If Betsy noticed that her son was waiting for Tag to be made welcome, she gave it no mind. She nodded curtly, and Susan supposed that was the most she could unbend.
“Mom.” Steve’s prod held a warning tone.
She glanced up at her son. “Please, everyone, sit.”
Tag sat, although Susan doubted he felt very welcome. She wondered if he was only trying to get Steve to sit, to avoid the confrontation. Beneath the table, she reached for his hand and squeezed it. He squeezed back, although his smile was uncomfortable.
Steve, once seated, pretended to be oblivious to the tension in the room. He started grilling Tag on his escapades, and Tag obliged with subdued stories of drag racing and dirt track motorcycle races and treks across the southeast to do stunt work for movies being shot on location.
“Mr. Hutchins, I had no idea you were so glamorous!” Malorie exclaimed.
“I’m glad Steve never had that kind of adventurous streak in him,” Debbie said, her smile still nervous. “I’d be scared to death.”
Tag chuckled. “Didn’t your husband ever tell you what all his buddies called him in the old days?”

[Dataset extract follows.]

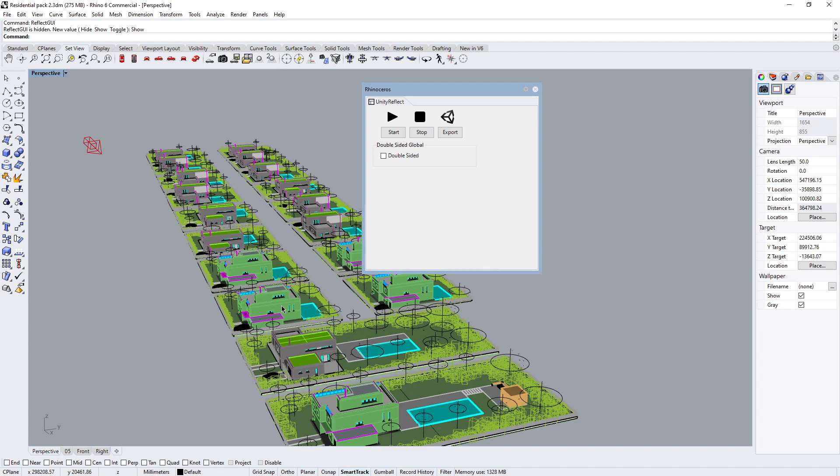So there is only a texture on one side. If I don't have double-sided clicked in, if I go inside of that building, it's going to be transparent. So I have to click on double-sided.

When Debbie shook her head, Tag gave Steve a devilish look and said, “We all called him Crash. And it wasn’t because he could learn all the algebra he needed the night before an exam, either.”

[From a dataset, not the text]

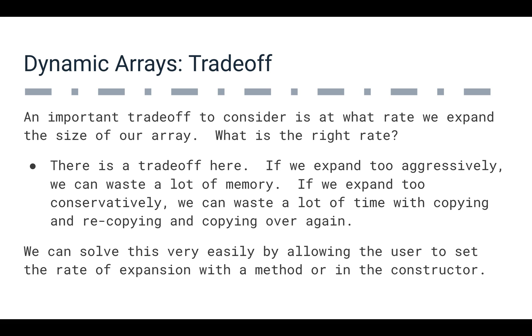So we could do this a couple of ways. We could expand very quickly and potentially waste memory, but make our add operation very fast. Or we could expand very slowly and not waste much memory, but make our add operation a bit slower in the process.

The conversation grew lively, despite Betsy’s bitter silence. Despite Susan’s relative silence, too, for she couldn’t help but hear these additional details about Tag’s life with renewed trepidation.
He had mentioned all of this before, briefly, the night he came to her room. But they hadn’t really discussed it. In fact, Susan realized now, she had purposely let it drop, allowed herself to shove her concerns to the back of her mind. But hearing about Tag’s life this way made the gulf that lay between them all too obvious.
Adventure and excitement had accompanied Tag wherever he went, whereas her life had been nothing but dull routine. She had even given up her dancing, except for her late-night sessions after the dance school closed. That was all she had allowed herself, lest the hunger for what might have been grew too strong.